Re: UNICODE

From: Marko Kreen <marko(at)l-t(dot)ee>
To: Jean-Michel POURE <jm(dot)poure(at)freesurf(dot)fr>
Cc: pgsql-hackers(at)postgresql(dot)org
Subject: Re: UNICODE
Date: 2001-10-28 15:09:45
Message-ID: 20011028170945.A18241@l-t.ee
Views: Raw Message | Whole Thread | Download mbox | Resend email
Thread:
Lists: pgsql-admin pgsql-general pgsql-hackers

On Sun, Oct 28, 2001 at 02:34:49PM +0100, Jean-Michel POURE wrote:
>
> >psql uses your input literally - so is your console/xterm in
> >UNICODE/UTF8?
> Client: \encoding returns 'UNICODE'.
> Server: \list show databases. All databases are UNICODE (except TEMPLATE0
> and TEMPLATE1 which are ASCII of course). I use a Mandrake 8.1 distribution
> and think my console is UNICODE.

You think? Try this:

$ echo "accepté" | od -c

If your term is in utf you should get:

0000000 a c c e p t 303 251 \n
0000011

If in iso-8859-1:

0000000 a c c e p t 351 \n
0000010

It may be in some other 8bit encoding too, then the last number
may be different.

> >> As for me, I typed INSERT INTO source_content VALUES ('Permis de conduire
> >> accepté') in Psql.
> >As I said - psql does not do any conversion.
> The faulty query is: INSERT INTO test (source_content) VALUES ('Permis de
> conduire accepté');

Hmm. It may be a bug in input routines. You give PostgreSQL a
1byte 'é', it expects 2 byte char and overflows somewhere. Can
you reproduce it on 7.1.3? Maybe its fixed there, I cant
reproduce it.

> I just can't believe that Psql is not UTF-8 compatible. It seems unreal as
> Psql is PostgreSQL #1 helper application. Should I use PostgreSQL MULE
> encoding to have automatic trans coding. What are the guidelines, I am
> completely lost.

psql & pg_dump are fine. Your problem is that you dont give to
psql and pg_exec/PHP utf-8 strings, but some iso-8859-*.

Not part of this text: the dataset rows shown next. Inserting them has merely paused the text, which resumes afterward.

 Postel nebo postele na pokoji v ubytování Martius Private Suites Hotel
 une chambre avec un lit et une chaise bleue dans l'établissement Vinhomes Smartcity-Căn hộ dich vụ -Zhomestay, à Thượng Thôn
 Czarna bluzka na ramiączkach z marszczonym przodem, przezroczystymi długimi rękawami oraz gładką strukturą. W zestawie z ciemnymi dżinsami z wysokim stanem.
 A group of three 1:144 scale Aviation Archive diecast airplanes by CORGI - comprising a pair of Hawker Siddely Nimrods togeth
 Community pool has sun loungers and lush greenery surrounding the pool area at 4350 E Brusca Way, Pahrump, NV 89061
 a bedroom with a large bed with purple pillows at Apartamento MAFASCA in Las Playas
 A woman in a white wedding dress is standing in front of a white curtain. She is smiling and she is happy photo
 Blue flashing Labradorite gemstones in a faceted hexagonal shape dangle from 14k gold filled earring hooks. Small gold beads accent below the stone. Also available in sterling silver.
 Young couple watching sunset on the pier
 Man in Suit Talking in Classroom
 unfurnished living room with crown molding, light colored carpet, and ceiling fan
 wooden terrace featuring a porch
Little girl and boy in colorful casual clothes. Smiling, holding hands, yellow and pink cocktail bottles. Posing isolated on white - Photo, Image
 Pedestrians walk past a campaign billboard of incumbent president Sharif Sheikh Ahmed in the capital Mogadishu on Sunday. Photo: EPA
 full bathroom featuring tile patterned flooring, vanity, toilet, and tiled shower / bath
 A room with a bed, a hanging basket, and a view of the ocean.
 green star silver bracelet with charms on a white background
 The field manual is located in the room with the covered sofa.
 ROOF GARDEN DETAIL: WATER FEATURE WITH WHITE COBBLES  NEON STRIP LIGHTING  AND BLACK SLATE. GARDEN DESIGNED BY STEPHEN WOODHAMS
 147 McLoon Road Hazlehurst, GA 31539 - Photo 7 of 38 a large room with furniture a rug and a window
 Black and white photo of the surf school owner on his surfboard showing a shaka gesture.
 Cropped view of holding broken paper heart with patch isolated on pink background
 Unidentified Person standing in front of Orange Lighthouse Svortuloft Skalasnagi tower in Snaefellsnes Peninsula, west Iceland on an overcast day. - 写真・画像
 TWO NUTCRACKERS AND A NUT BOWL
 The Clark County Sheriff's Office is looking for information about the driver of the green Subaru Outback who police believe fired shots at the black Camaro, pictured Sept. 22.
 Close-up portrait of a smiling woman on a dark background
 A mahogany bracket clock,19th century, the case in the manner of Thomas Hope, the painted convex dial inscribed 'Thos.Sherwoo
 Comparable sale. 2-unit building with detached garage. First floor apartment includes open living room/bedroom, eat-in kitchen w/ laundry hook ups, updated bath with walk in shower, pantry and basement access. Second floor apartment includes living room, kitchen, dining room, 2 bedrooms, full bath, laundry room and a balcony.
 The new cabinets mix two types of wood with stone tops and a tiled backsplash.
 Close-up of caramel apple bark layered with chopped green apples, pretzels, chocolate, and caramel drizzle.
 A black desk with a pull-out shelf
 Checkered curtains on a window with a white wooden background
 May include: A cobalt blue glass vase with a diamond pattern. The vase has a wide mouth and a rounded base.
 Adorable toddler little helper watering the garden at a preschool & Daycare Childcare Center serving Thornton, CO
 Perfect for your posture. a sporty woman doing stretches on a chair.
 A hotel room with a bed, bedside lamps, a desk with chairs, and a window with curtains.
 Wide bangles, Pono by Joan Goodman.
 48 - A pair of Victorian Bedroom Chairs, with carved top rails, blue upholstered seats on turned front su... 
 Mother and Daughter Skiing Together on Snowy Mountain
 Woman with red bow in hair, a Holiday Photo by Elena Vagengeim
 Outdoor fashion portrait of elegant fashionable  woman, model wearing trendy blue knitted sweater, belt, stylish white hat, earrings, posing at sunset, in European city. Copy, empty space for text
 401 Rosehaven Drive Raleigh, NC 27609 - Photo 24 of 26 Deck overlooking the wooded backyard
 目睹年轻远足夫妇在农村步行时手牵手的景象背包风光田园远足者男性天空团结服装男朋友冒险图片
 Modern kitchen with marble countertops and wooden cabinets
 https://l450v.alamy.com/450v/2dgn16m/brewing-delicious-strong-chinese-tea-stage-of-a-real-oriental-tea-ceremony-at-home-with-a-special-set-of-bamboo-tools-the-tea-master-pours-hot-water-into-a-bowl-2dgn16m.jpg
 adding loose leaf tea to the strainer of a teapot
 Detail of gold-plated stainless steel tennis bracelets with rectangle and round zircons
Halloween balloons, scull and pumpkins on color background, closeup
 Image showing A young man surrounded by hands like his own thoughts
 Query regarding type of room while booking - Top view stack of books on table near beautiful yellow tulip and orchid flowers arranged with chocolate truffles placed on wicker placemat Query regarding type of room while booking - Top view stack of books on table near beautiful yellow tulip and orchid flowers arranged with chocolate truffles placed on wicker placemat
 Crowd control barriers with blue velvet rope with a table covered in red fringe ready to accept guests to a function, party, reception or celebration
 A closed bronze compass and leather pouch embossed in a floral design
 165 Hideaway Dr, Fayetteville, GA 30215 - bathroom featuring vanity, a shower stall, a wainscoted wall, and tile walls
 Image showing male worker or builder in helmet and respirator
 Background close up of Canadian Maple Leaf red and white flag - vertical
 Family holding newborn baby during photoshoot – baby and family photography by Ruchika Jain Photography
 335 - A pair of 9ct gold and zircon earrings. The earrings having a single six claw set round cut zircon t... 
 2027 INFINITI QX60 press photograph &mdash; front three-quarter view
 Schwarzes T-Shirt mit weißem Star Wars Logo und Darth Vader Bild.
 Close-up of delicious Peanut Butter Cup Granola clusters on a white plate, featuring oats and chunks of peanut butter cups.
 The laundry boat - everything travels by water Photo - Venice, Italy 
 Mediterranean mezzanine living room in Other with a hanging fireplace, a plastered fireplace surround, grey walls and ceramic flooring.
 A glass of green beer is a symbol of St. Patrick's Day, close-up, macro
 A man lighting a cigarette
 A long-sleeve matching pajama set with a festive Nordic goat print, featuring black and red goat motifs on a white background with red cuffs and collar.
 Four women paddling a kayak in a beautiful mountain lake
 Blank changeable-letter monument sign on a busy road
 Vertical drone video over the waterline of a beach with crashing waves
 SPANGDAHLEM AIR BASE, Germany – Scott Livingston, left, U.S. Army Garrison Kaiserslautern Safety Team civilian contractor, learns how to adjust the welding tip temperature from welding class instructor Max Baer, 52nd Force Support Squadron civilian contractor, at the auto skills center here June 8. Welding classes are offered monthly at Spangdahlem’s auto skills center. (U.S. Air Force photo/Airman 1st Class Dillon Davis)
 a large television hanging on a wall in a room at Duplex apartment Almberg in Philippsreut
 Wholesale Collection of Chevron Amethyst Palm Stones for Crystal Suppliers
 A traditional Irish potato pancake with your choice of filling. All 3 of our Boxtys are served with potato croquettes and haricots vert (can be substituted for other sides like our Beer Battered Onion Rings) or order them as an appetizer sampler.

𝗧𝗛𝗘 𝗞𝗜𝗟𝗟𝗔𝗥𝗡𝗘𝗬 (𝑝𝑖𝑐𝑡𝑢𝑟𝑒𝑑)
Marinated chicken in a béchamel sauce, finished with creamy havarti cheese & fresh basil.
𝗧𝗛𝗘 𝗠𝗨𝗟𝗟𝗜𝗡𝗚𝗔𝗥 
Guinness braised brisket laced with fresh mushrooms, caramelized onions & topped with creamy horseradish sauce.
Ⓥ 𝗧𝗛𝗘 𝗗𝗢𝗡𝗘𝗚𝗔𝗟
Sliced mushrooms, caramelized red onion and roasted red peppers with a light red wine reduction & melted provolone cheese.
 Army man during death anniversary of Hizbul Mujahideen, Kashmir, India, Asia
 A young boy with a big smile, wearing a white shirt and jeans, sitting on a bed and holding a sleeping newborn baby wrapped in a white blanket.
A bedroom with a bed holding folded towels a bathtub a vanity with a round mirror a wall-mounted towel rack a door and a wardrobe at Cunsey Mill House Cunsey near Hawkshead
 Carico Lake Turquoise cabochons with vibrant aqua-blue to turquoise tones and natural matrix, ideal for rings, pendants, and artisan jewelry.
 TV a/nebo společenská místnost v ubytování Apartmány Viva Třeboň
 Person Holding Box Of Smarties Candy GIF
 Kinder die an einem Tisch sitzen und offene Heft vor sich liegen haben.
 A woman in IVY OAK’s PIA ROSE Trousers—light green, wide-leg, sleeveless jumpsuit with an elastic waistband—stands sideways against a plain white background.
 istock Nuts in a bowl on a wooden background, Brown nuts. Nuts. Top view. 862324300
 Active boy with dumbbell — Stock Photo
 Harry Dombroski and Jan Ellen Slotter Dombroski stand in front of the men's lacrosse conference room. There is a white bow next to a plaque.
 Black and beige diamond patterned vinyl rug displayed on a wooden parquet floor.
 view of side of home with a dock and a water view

> >> Psql does not insert the data and I have to kill it manually. Can you
> >> reproduce this?
> >No. If it hangs this is serious problem. Or did you simply
> >forgot final ';' ? It btw does not seem valid sql to me,
> >considering you previously provided table structure.
> Is it possible that my database is corrupted? I have used pg_dump several
> times to dump data from production server to development servers and
> conversely. Does pg_dump produce UTF8 output? What are the guidelines when
> using UTF-8: forget psql and pg_dump?

As I said, psql & pg_dump are fine, they do not touch your data
when it passes through them.

It may be that all of your database is in latin1, as you
inserted strings in this encoding, not utf8. Basically
PostgreSQL server also does not touch your data, only its
compare functions does not work, as the strings are not in
encoding you tell they are.

Solution to this is to dump your data, use the iconv utility
to convert it to utf8 and reload.

To see this you should do:

$ psql -c "SELECT source_contect FROM table where ..." \
| od -c

And then look whether the weird characters are represented in
1 or 2 bytes.

--
marko

In response to

  • Re: UNICODE at 2001-10-28 13:34:49 from Jean-Michel POURE

Responses

  • Re: UNICODE at 2001-10-28 15:37:48 from Jean-Michel POURE

Browse pgsql-admin by date

  From Date Subject
Next Message Jean-Michel POURE 2001-10-28 15:37:48 Re: UNICODE
Previous Message Emmanuel Guyot 2001-10-28 13:43:17 Re: pg_dump and timestamp : problem with TimeZone

Browse pgsql-general by date

  From Date Subject
Next Message The Cadaver 2001-10-28 15:34:45 IDE
Previous Message Gunnar Lindholm 2001-10-28 13:52:50 trigger function in plpgsql (newbie)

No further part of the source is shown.